Wednesday, April 5, 2017

Anti-Romeo squad catch: tutor, student

Lucknow, April 4: Over 40 policemen of the anti-Romeo squad descended on a Moradabad house in eight beacon-flashing SUVs and stormed in, only to catch a tutor and his female student who had gone there to collect notes.
Eyewitnesses likened the Sunday night raid- which saw the team of over three dozen cops first surround the house - to an operation to "catch a terrorist or a big criminal".

"Instead, we saw some policemen push a youth and a girl out of the house. While the youth was begging the police with folded hands to leave him, saying he had not committed any crime, a cop caught him by his collar and pushed him into a van. They shoved the girl into another SUV and they were taken to Thakurdwara police station," an eyewitness said. Thakurdwara is the Moradabad neighbourhood where the events unfolded.
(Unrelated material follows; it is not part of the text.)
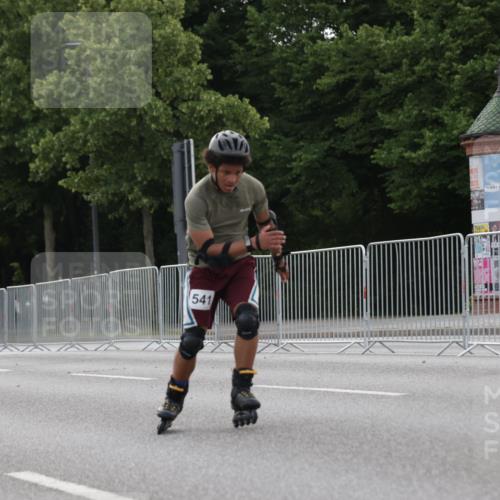 29.06.2025 - hella hamburg halbmarathon Jannik Wohlers http://msf.ph/oto/8331433 29.06.2025 09:01:19 Lombardsbrücke  meine-sportfotos.de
The policemen came after an alert from Dial 100, a centralised control room in Lucknow that responds to public complaints. Other eyewitnesses recalled some of the policemen as saying that they were only performing "their duty by catching them (the tutor and his student)".

Asked about the incident, Moradabad superintendent of police (rural) Akhilesh Narayan, said: "The man is a tutor and the girl his student. There were four men in the house but two had left by the time the police reached there. The girl had gone there to collect notes from his tutor. We released them after interrogation and handed them over to their parents."
The officer was silent when asked if this was the way the anti-Romeo squads - formed by the Yogi Adityanath-led BJP government to check eve-teasing and crimes against women - would function.

The tutor, who didn't want to be named, said later that he was treated like a "criminal". "The police took me to the police station as if I were a dreaded criminal. In fact, they paraded me in the streets for a few minutes before pushing me into their vehicle. Later, at the police station, I overheard them talk to their seniors and all of a sudden, they asked me and my student to leave place."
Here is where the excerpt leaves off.